**WHAT YOU WILL DO**. The reply must contain exactly the lines below from the one with "Типичное украшение для напитков в Таиланде" down to the one with "Jordan 1 Mid SE Women", both included, and nothing more; please omit the pictures.

--- INFORMATION GIVEN Enclosed Below ---

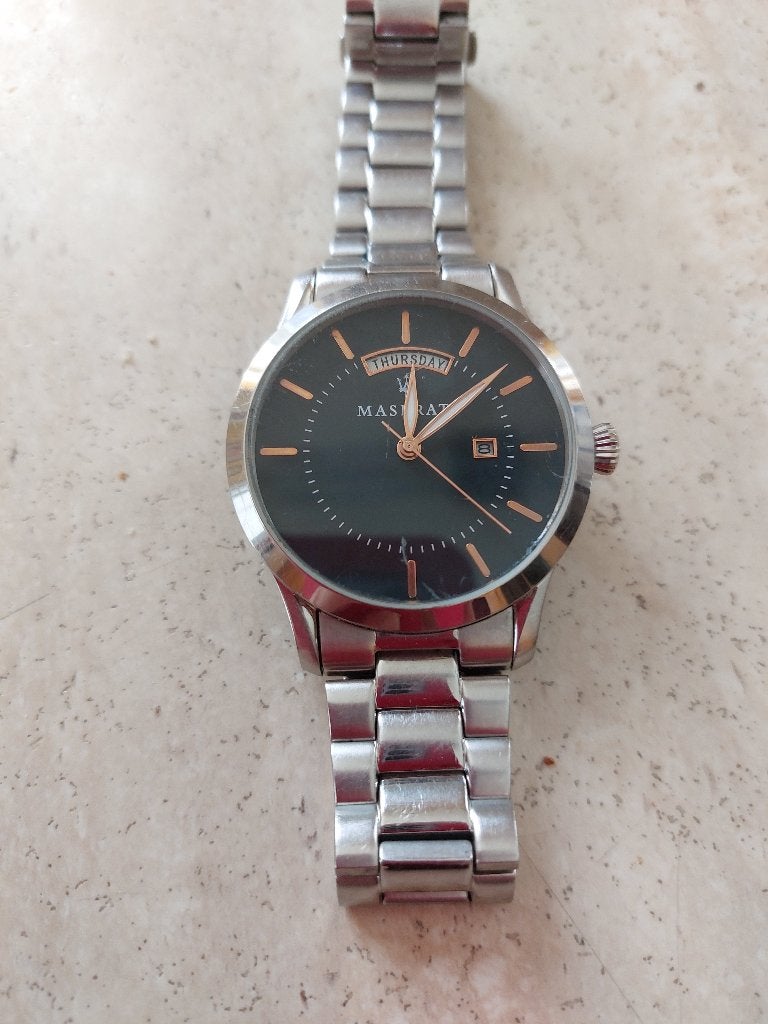 Montre MASERATI, Enlèvement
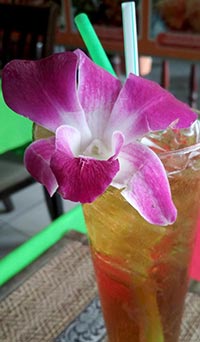 Типичное украшение для напитков в Таиланде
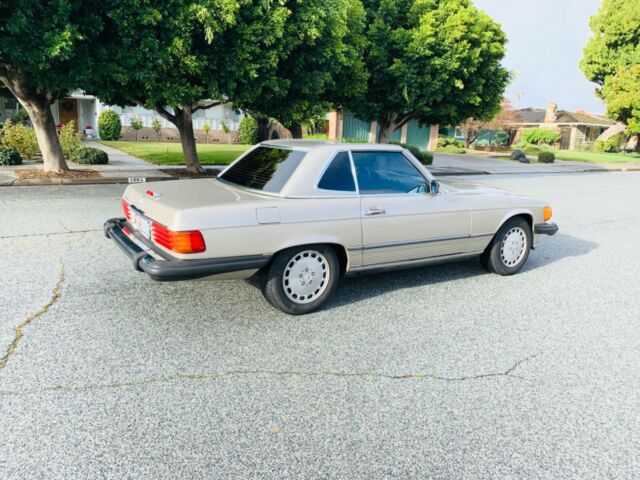 1988 Mercedes-Benz SL-Class 560SL - photo 9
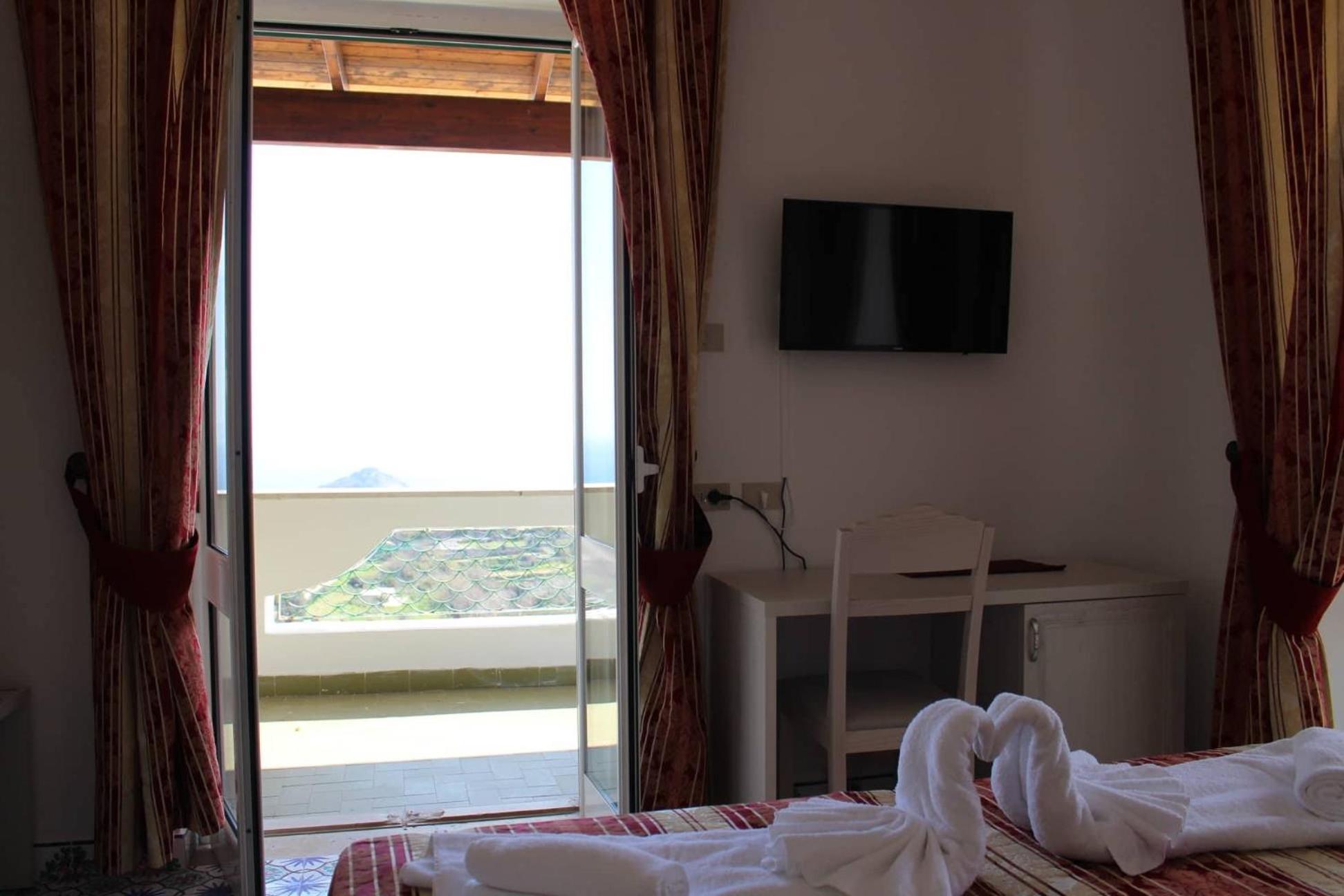 Hotel Al Bosco Forio  ภายนอก รูปภาพ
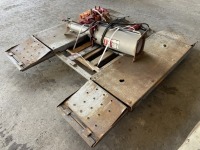 Gray QL-60 QuickLift Plus Vehicle Lift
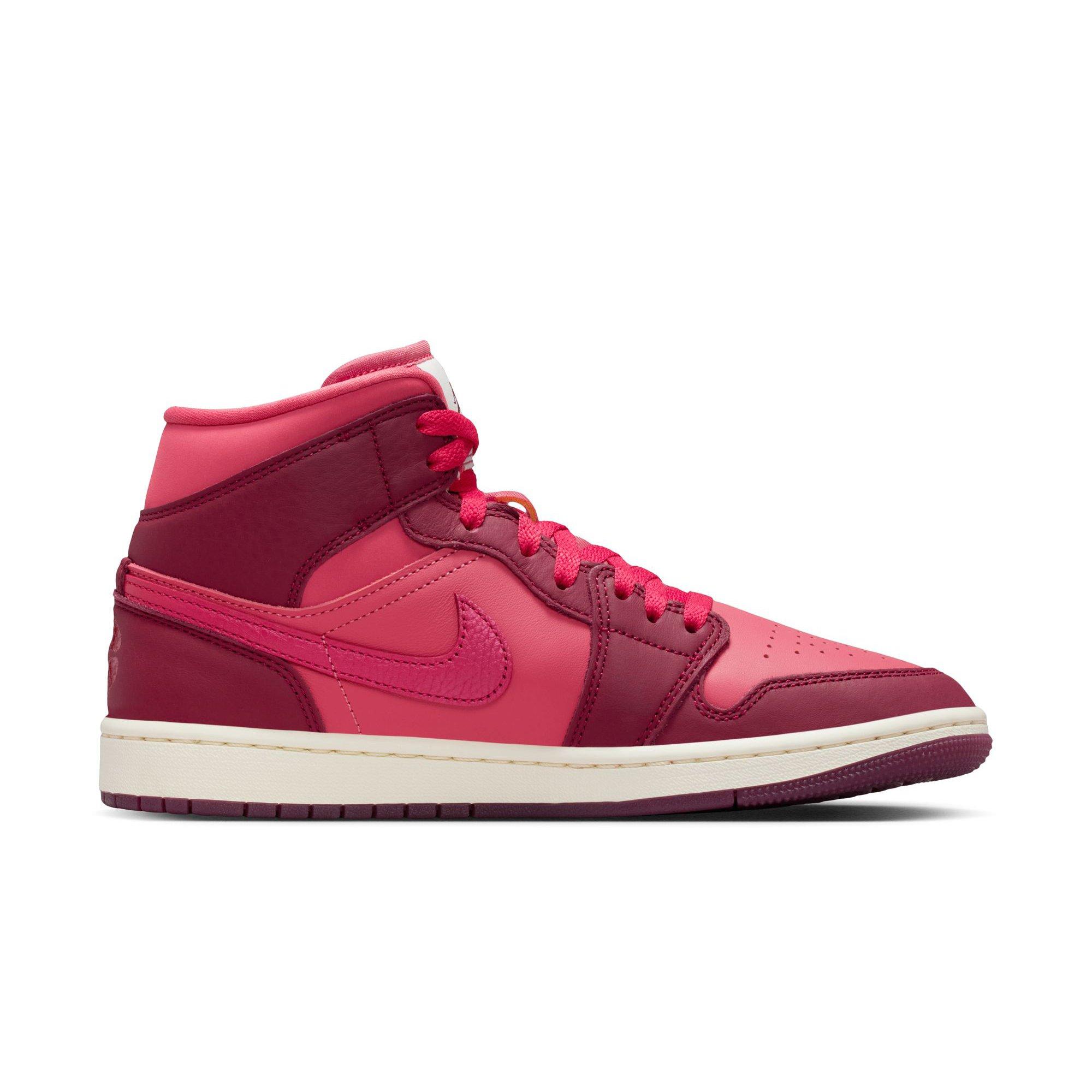 Jordan 1 Mid SE Women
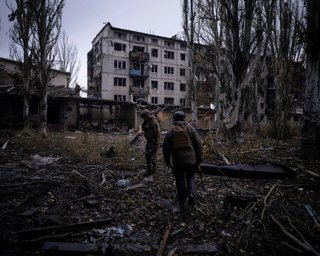 Змусили стояти з триколором: у "Скелі" пояснили, чи потрапили бійці в полон РФ у Костянтинівці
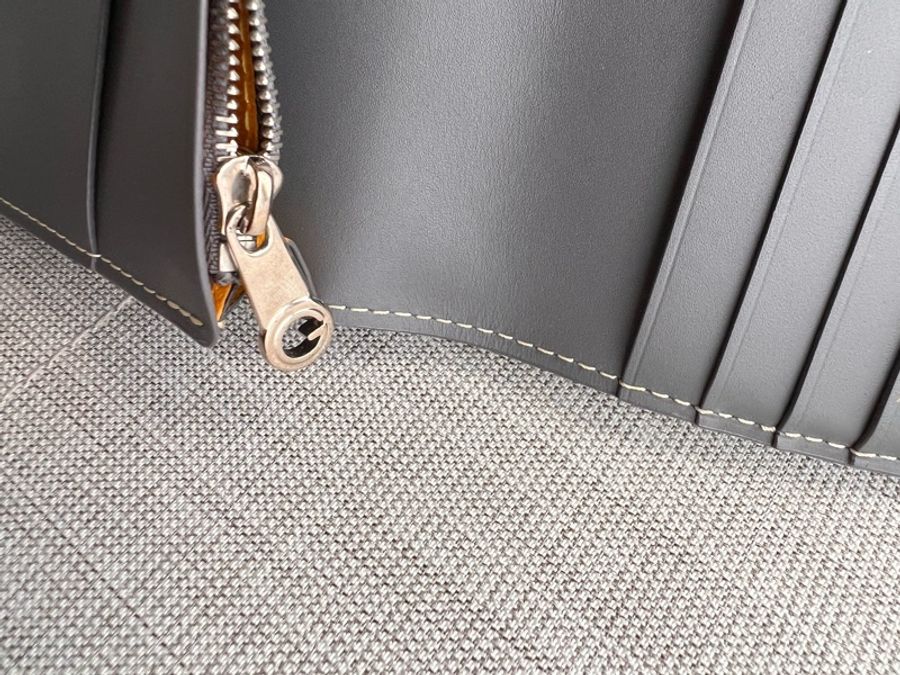 GOYARD 高雅德灰色 Logo長夾 精品長夾 錢包 品牌長夾 長夾 時尚百搭 簡約 百搭 尺寸17.7 x10cm 買了少用九成新以上 高標繞道-8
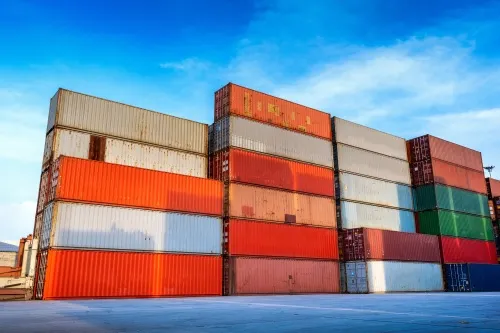 Przewozy kontenerów – efektywny transport różnych ładunków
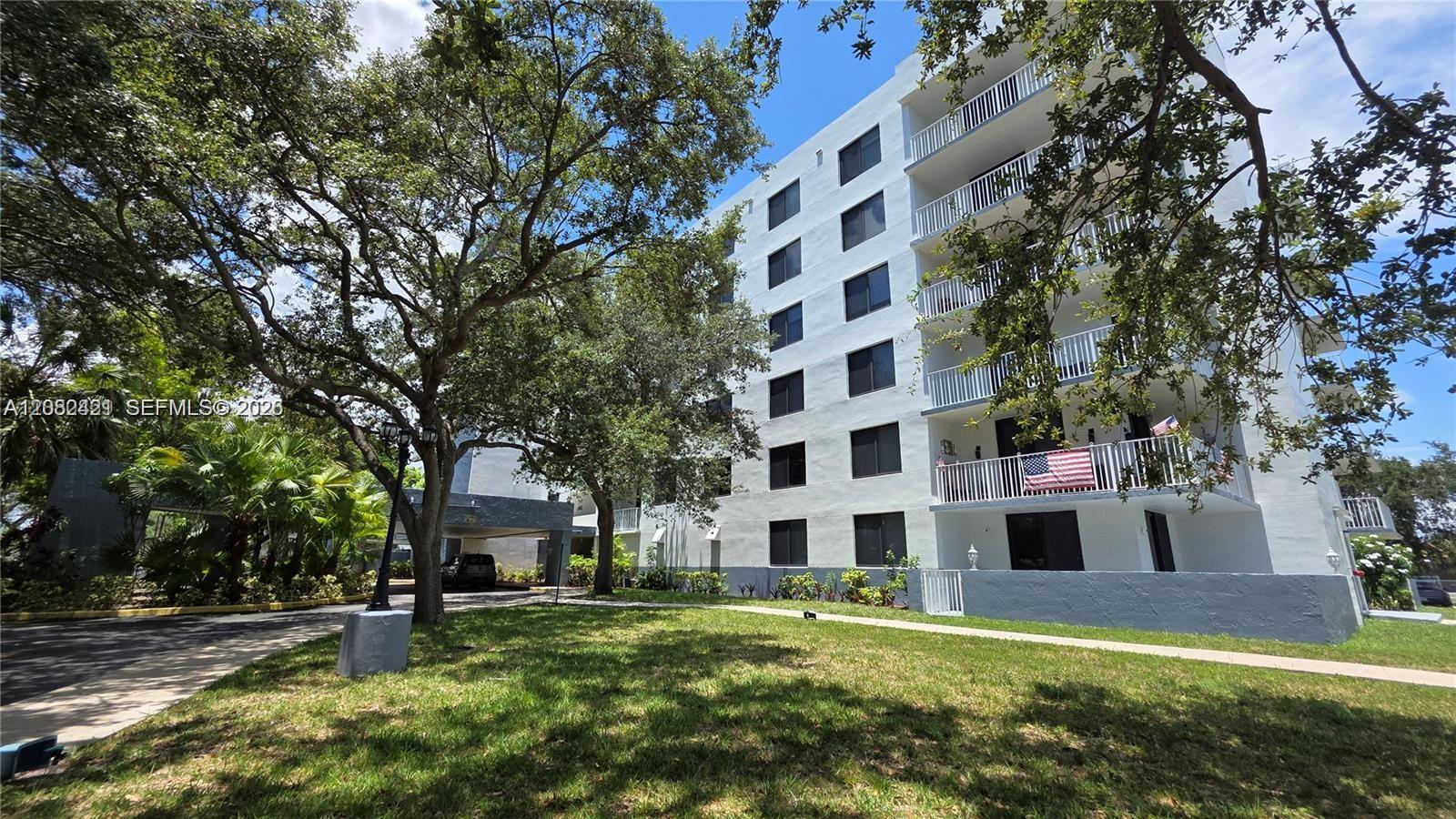 901 Hillcrest Dr # 215 — Photo 2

--- End of Enclosed INFORMATION GIVEN ---

**REPLY**.
 Типичное украшение для напитков в Таиланде
 1988 Mercedes-Benz SL-Class 560SL - photo 9
 Hotel Al Bosco Forio  ภายนอก รูปภาพ
 Gray QL-60 QuickLift Plus Vehicle Lift
 Jordan 1 Mid SE Women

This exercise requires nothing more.